We thank Calow [1] for his Letter supporting our recommendation for the use of the ecosystem services approach as the common currency for risk assessment and management [2]. However, he also expressed concern about capturing the preferences that the public have for the services that they get from ecosystems in a way that can be weighed against the inevitable cost of interventions. This is a valid concern.
Calow advocates monetary terms [1, 3]. As we noted, preferences (i.e., ecosystem services valuation) can be captured in monetary or non-monetary terms [2]. However, Calow [1] does not acknowledge that other systems of valuation can usefully inform decision-making. In contrast, we side with writer Carolyn Brown, who in her book ‘The Trouble with Texas Cowboys’, aptly noted that money is just dirty paper. There are other, arguably better ways to value ecosystem services.

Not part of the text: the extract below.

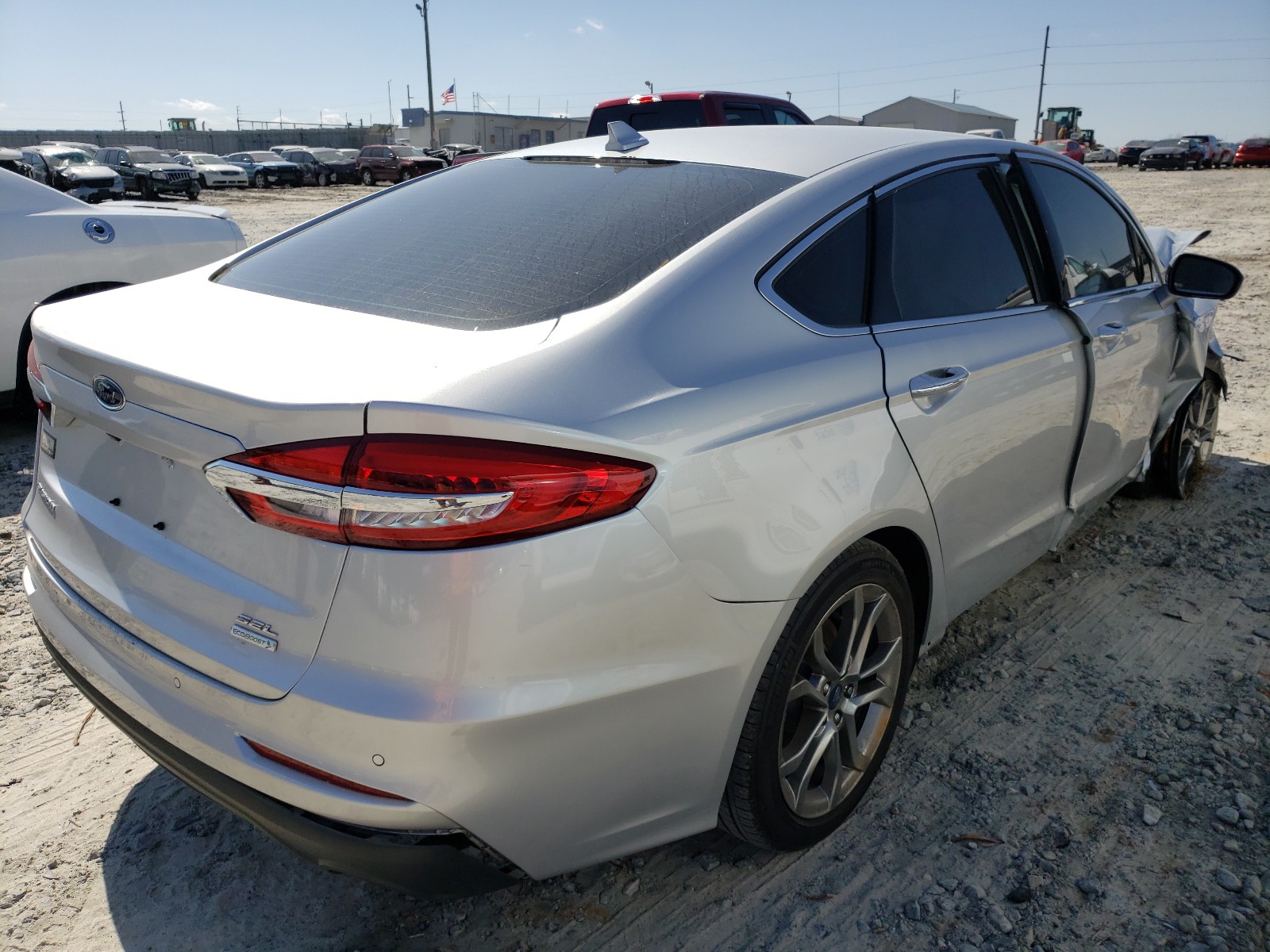 Photo 4 from auction – 2019 FORD FUSION SEL with VIN 3FA6P0CDXKR269510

Monetization of changes in ecosystem services has substantial uncertainty because most ecosystem services are not traded in markets; thus, they have no set monetary value. Other methods of valuing ecosystem services also have uncertainty. However, economic methods of valuation such as indirect revealed preference (e.g., determining a value for clean air by comparing property values in areas with clean air compared to areas with polluted air), avoidance of costs (e.g., natural sewage treatment resulting in negligible impacts [4] vs costly treatment plants), and contingent valuation (e.g., hypothetical surveys of how individuals value incremental changes) are unreliable [5]. Monetization of ecosystem services is not always feasible, practical, nor desirable [6], particularly for complex social-ecological systems [7].
We fully agree with Calow [1] that the ecosystem services concept is anthropocentric – ecosystems have “rights” (i.e., we have duties toward them) because we value them for the benefits they provide for us. We also fully agree with a cost-benefit approach, with decisions based upon the preferences of those affected. But people and their well-being are more valuable than is capital accumulation [7].
We acknowledge that preferences based on money may be beneficial when considering aspects of some situations; however, this is not universally the case [8]. Complete reliance on monetary valuation in the case study of pesticide use to enhance banana production in Costa Rica [9] may be problematic rather than the opposite as Calow [1] suggests. The benefits of using pesticides are (relatively) easily quantified in monetary terms; however, the impacts on the nearby aquatic ecosystem (e.g., not just fish sold for human consumption but cultural values) cannot as readily be fully evaluated in such terms.
More importantly, economic valuation of ecosystem services will vary significantly geographically. For instance, some developing countries may be focused on obvious material benefits such as the products obtained from nature, whereas others honor the natural world for cultural and spiritual reasons. In contrast, developed countries in general have the luxury of focusing on less obviously material benefits such as habitat and cultural services. And adaptive preferences can be an issue, for instance the situation in which people are not willing to pay monetarily for parks because they have adapted to a world without parks [10]. Valuation of ecosystem services should be based on a common unit that can be aggregated and compared [6]; money does not always meet this essential criterion.
Environmental management and decision-making should focus on the effects that decision alternatives will have on ecosystem services [2,11]; quantification of those effects should rely on sound economic principles. Economics does not necessarily imply monetization; rather, it is the discipline “concerned with the way in which resources are allocated among alternative uses to satisfy human wants” [12]. As such, economics as a science is concerned with understanding why people make the choices that they do. These choices need not be quantified in monetary terms. Calow seemingly equates monetization with economics; his arguments are based on economics yet couched in terms of money.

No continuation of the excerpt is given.